Retype only what runs from the beginning of the data through the line with "May include: A"; please omit the pictures and keep every line exact.

[Dataset records]
***
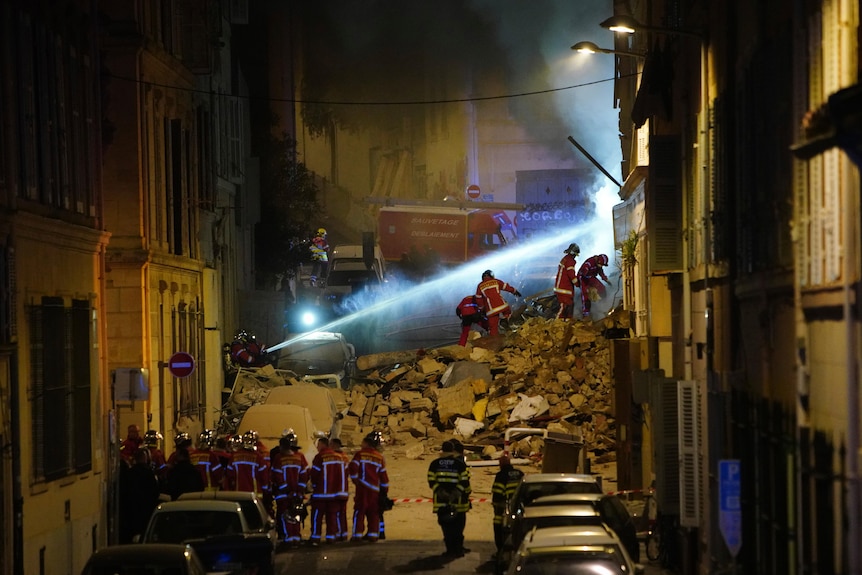 Firefighters fire a stream of water diagonally up into a collapsed building while standing on rubble.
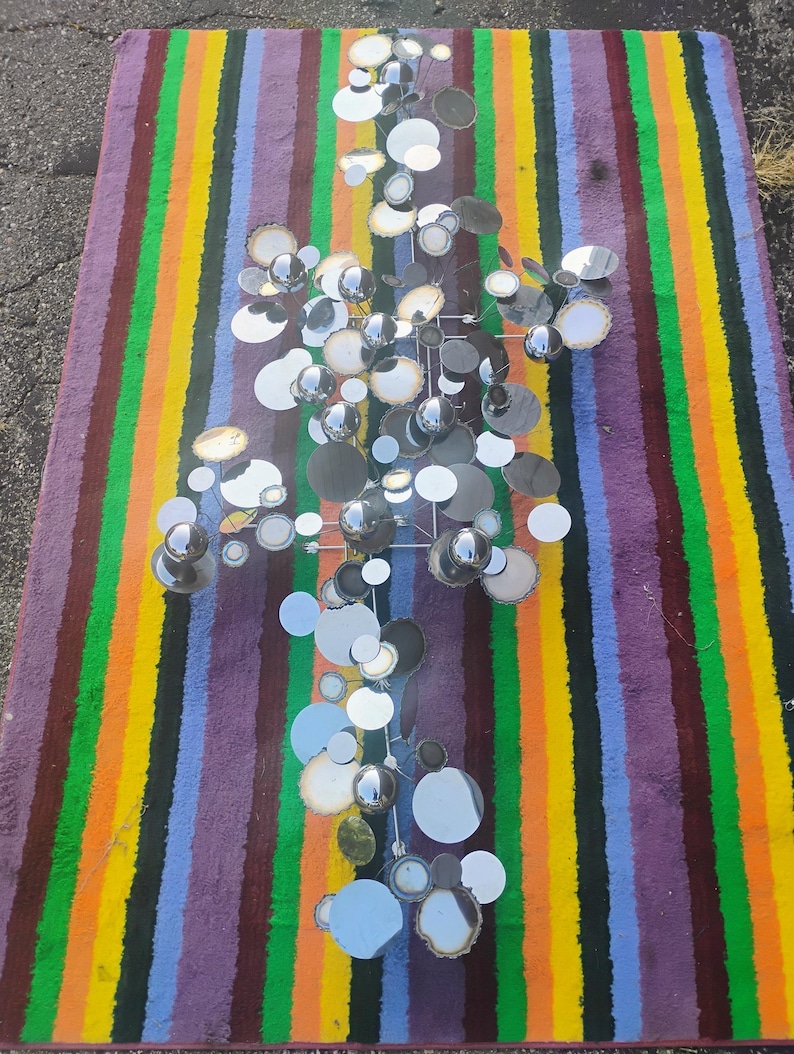 May include: A wall sculpture composed of numerous circular metal discs and spheres in polished chrome and silver finishes. The arrangement features varying sizes of reflective surfaces attached to a central metal frame, creating a cluster effect.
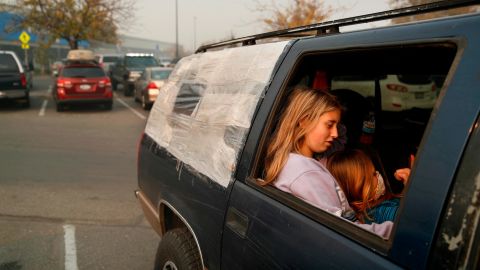 Dakota Keltner, right, rests on Havyn Cargill-Morris in a truck at the tent city outside a Walmart store in Chico.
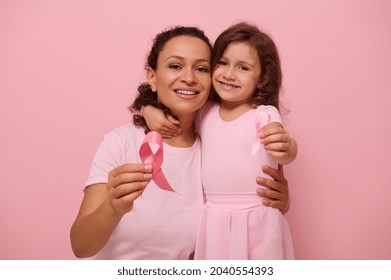 Mixed race young woman hugs her daughter, holding pink ribbon, cute smiles looking at camera, isolated on colored background with copy space. International Day of fight against a Breast Cancer disease - Powered by Shutterstock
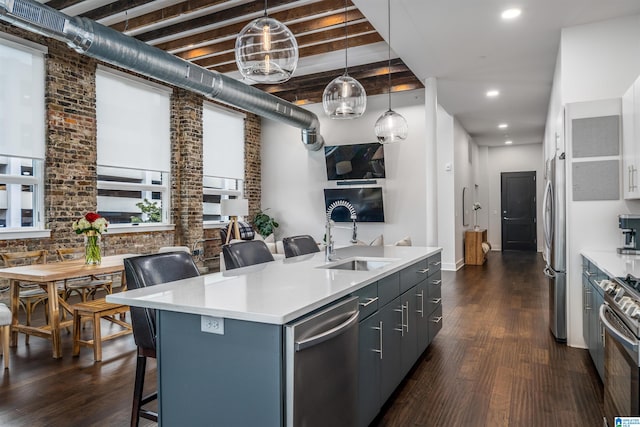 kitchen featuring sink, an island with sink, decorative light fixtures, stainless steel appliances, and brick wall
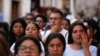 A woman wipes away tears during a demonstration protesting the kidnapping and killing of an 8-year-old girl, in the main square of Taxco, Mexico, March 28, 2024.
***
_Completed exercise_
 Firefighters fire a stream of water diagonally up into a collapsed building while standing on rubble.
 May include: A wall sculpture composed of numerous circular metal discs and spheres in polished chrome and silver finishes. The arrangement features varying sizes of reflective surfaces attached to a central metal frame, creating a cluster effect.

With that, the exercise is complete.